--- RECORDED INFORMATION Enclosed Below ---
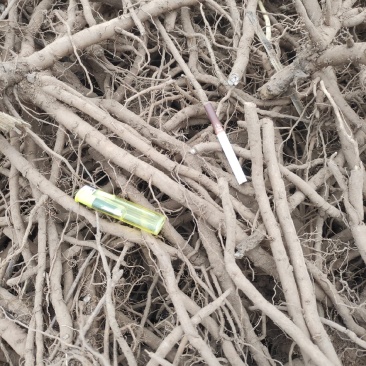 鲜牡丹根开挖了，有需要的客户看过了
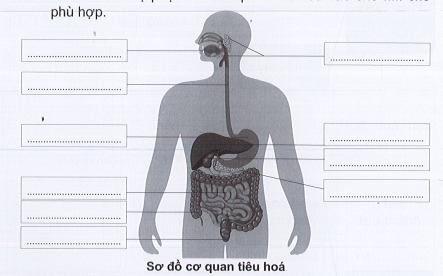 Vở bài tập Tự nhiên và xã hội lớp 3 trang 52, 53 Bài 15: Cơ quan tiêu hóa - Cánh diều (ảnh 1)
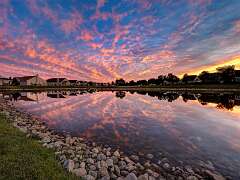 141: BillKirms_2025-201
--- End of Enclosed RECORDED INFORMATION ---
A faithful, word-for-word copy of the data is needed; the pictures should not appear in it.

 鲜牡丹根开挖了，有需要的客户看过了
 Vở bài tập Tự nhiên và xã hội lớp 3 trang 52, 53 Bài 15: Cơ quan tiêu hóa - Cánh diều (ảnh 1)
 141: BillKirms_2025-201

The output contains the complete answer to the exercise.